§ 1 Auftragserteilung und Vollmacht
1.1 Auftragserteilung
Der Steuerberatungsvertrag kommt durch schriftliche, mündliche oder konkludente Auftragserteilung des Mandanten und Annahme durch die Kanzlei zustande. Die Kanzlei ist berechtigt, die Auftragsannahme ohne Angabe von Gründen abzulehnen.

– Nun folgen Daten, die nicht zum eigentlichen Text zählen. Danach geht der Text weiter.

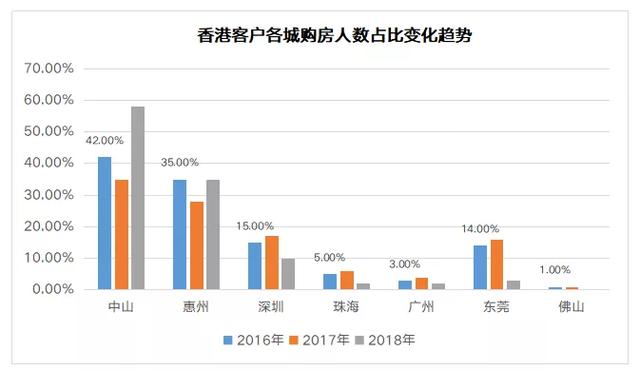 新澳开奖历史查询结果,高速解析响应方案_投资版54.147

Der Umfang der geschuldeten Leistungen ergibt sich aus dem jeweiligen Auftrag. Änderungen oder Erweiterungen des Leistungsumfangs bedürfen der ausdrücklichen Vereinbarung; mündliche Abreden sind schriftlich zu bestätigen.
1.2 Vollmacht
Der Mandant erteilt der Kanzlei im Rahmen des Beratungsmandats die zur Durchführung des Auftrags erforderlichen Vollmachten, insbesondere:
- Steuerrechtliche Vertretungsvollmacht gegenüber Finanzbehörden, Finanzgerichten und anderen Behörden
- Vollmacht zur elektronischen Datenübermittlung (z.B. E-Bilanz, ELSTER) im Namen des Mandanten
- Vollmacht zur Entgegennahme von Bescheiden, Mitteilungen und Schriftstücken der Finanzbehörden
Soweit erforderlich, erteilt der Mandant die Vollmacht gesondert in der von den zuständigen Behörden vorgeschriebenen Form. Die Kanzlei ist berechtigt, Untervollmachten an Mitarbeiter der Kanzlei zu erteilen.

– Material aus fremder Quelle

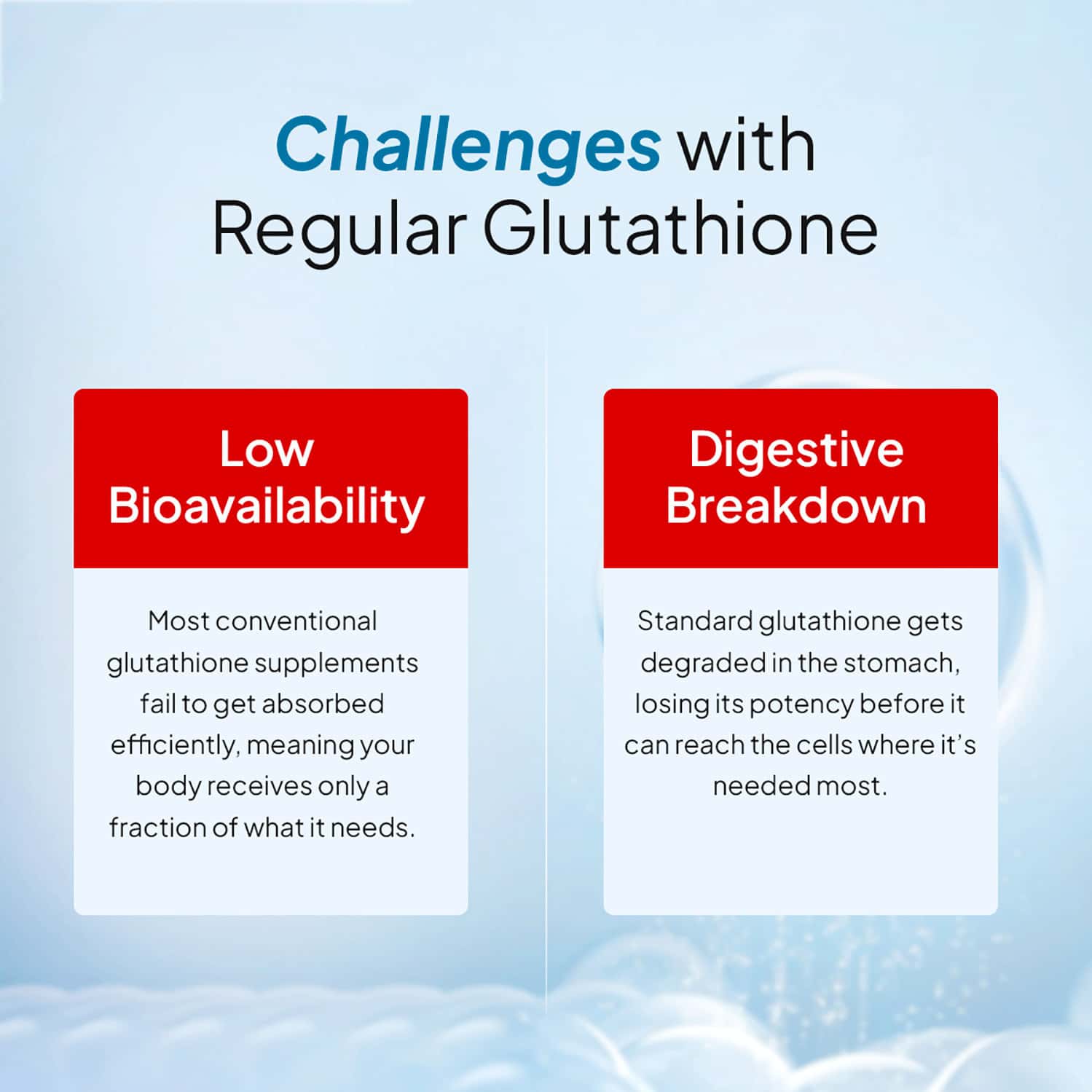 glutathione capsule allergy Buy MIDUTY LIPOSOMAL 40% - ANTI AGING- SKIN BRIGHTENING - 8X ABSORPTION Vimergy Glutathione | Reduced 150mg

1.3 Digitale Zusammenarbeit
Die Kanzlei nutzt DATEV-Softwarelösungen zur Bearbeitung steuerlicher Mandate. Der Mandant erklärt sich mit der Verarbeitung seiner Daten über DATEV-Systeme einverstanden, soweit dies für die Durchführung des Auftrags erforderlich ist. Näheres regelt die Datenschutzerklärung der Kanzlei.

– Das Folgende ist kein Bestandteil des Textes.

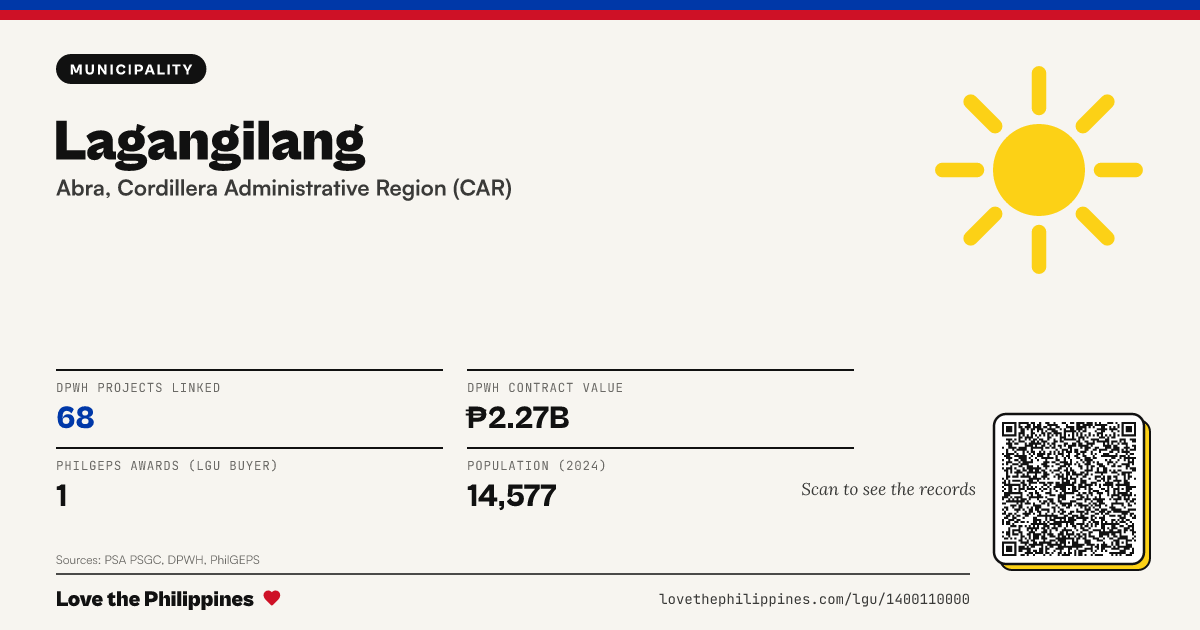 Share card: Lagangilang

§ 2 Mitwirkungspflichten des Mandanten
2.1 Vollständige Information
Der Mandant ist verpflichtet, der Kanzlei alle für die Durchführung des Auftrags relevanten Informationen, Unterlagen und Belege vollständig, wahrheitsgemäß und rechtzeitig zur Verfügung zu stellen. Dazu gehören insbesondere:
- Sämtliche steuerrelevanten Belege und Buchungsunterlagen
- Verträge, Urkunden und andere für das Mandat bedeutsame Dokumente
- Mitteilungen der Finanzbehörden (Bescheide, Anfragen, Prüfungsankündigungen)
- Informationen über wesentliche Änderungen der wirtschaftlichen oder persönlichen Verhältnisse
- Alle für die Jahresabschlusserstellung notwendigen Buchführungsunterlagen
2.2 Fristen und Terminverpflichtungen
Der Mandant hat die Kanzlei so rechtzeitig mit der Durchführung eines Auftrags zu beauftragen, dass Fristen eingehalten werden können. Die Kanzlei haftet nicht für Fristversäumnisse, die durch verspätete Mandatserteilung oder unvollständige Unterlagenübergabe des Mandanten verursacht werden.
Der Mandant ist verpflichtet, vereinbarte Abgabetermine für Unterlagen einzuhalten. Werden Unterlagen nicht fristgerecht übergeben, kann dies zu Fristverlängerungsgebühren oder Verspätungszuschlägen führen, die der Mandant zu tragen hat.
2.3 Überprüfung der Ergebnisse
Der Mandant ist verpflichtet, die von der Kanzlei erstellten Steuererklärungen, Jahresabschlüsse und sonstigen Arbeitsergebnisse vor Unterzeichnung oder Einreichung sorgfältig zu prüfen und auf Vollständigkeit und Richtigkeit hin zu kontrollieren. Etwaige Beanstandungen sind unverzüglich, spätestens jedoch innerhalb von 14 Tagen nach Zugang der Unterlagen, schriftlich mitzuteilen.
2.4 Änderungsmitteilungen
Der Mandant ist verpflichtet, der Kanzlei Änderungen seiner Adresse, Bankverbindung, Unternehmensstruktur oder sonstiger für das Mandat wesentlicher Verhältnisse unverzüglich mitzuteilen.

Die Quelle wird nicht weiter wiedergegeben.